-- WHAT THE TASK ASKS --
In the records below, find the line with "Hansgrohe Talis C", then retype it and every following line exactly, stopping after the line with "KAF Home Premium". Leave the pictures out.

-- RECORDS SUPPLIED --
*** Block opens ***
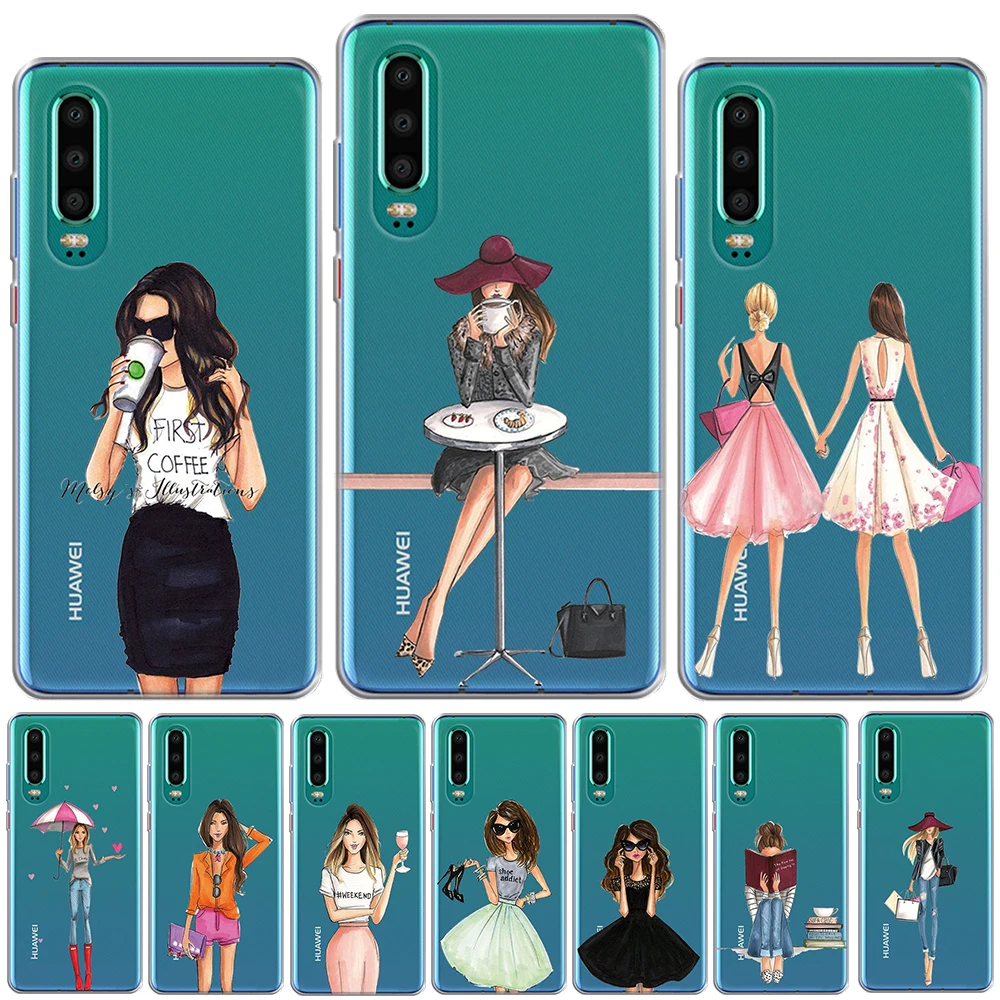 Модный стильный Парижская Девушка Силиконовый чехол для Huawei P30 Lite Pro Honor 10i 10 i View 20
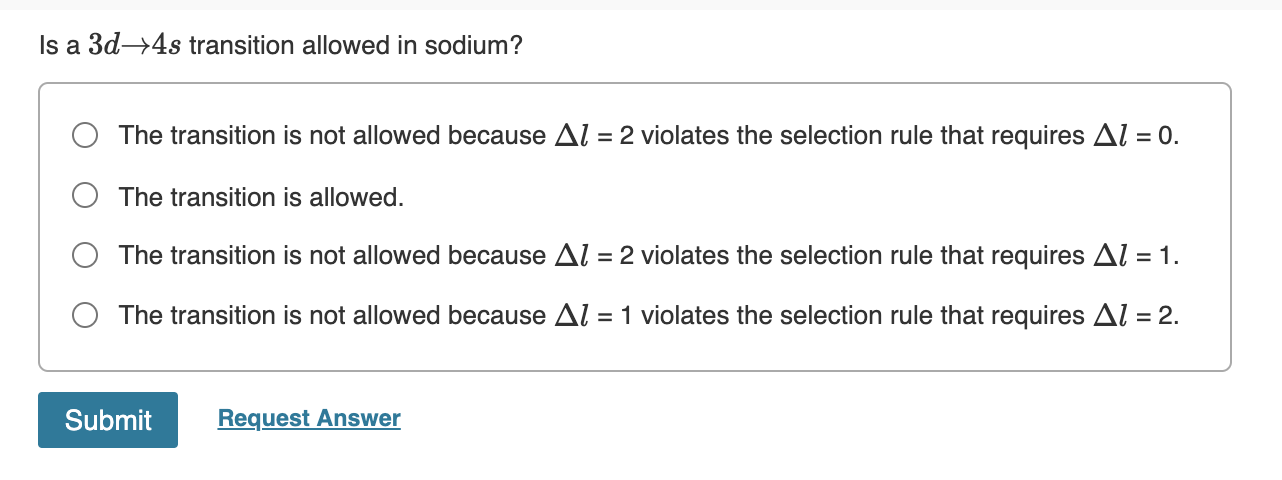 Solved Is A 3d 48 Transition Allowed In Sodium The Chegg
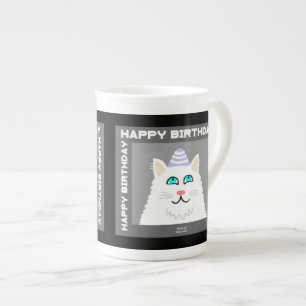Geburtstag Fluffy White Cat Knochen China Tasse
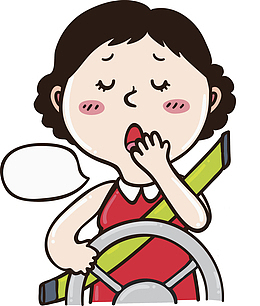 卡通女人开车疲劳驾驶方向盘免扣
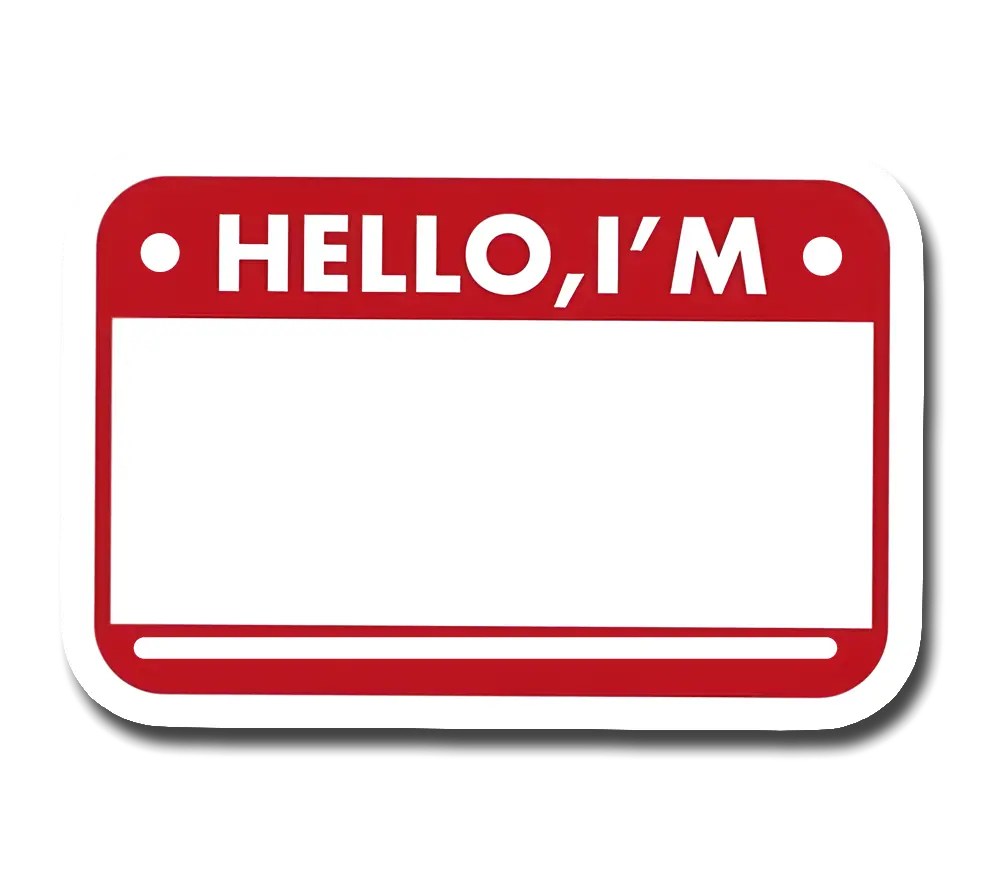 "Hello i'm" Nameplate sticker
*** Block closes ***
*** Block opens ***
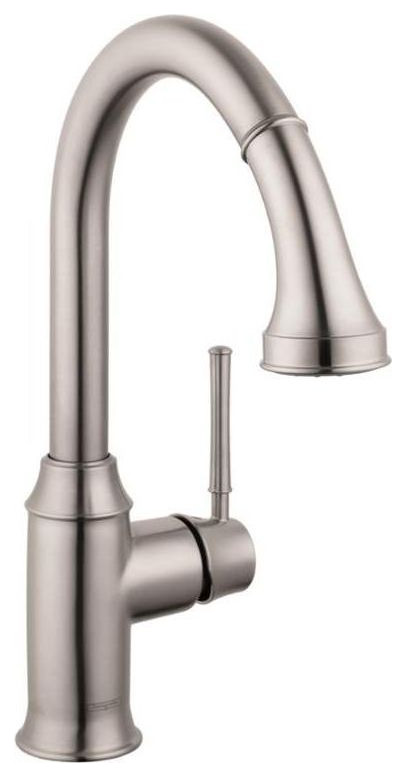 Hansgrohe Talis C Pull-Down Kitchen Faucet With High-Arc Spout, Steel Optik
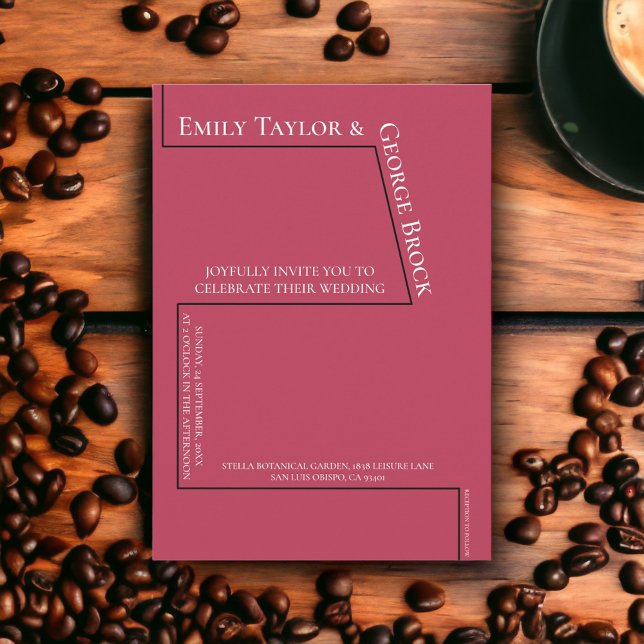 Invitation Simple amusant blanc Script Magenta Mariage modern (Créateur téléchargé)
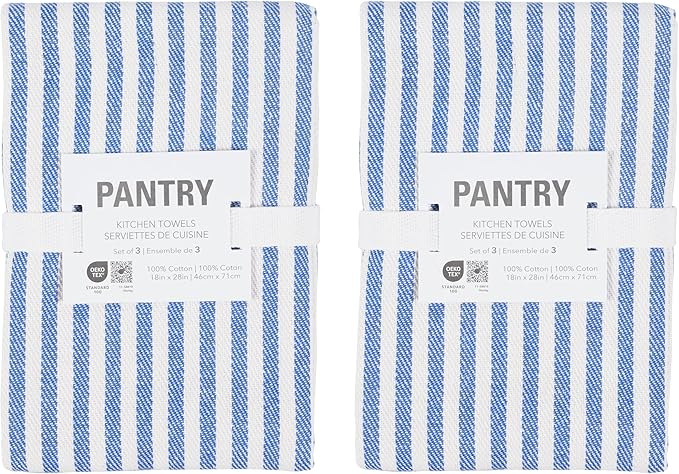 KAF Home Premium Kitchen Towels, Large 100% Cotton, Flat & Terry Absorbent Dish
*** Block closes ***
-- SOLUTION FOR THIS PROBLEM --
 Hansgrohe Talis C Pull-Down Kitchen Faucet With High-Arc Spout, Steel Optik
 Invitation Simple amusant blanc Script Magenta Mariage modern (Créateur téléchargé)
 KAF Home Premium Kitchen Towels, Large 100% Cotton, Flat & Terry Absorbent Dish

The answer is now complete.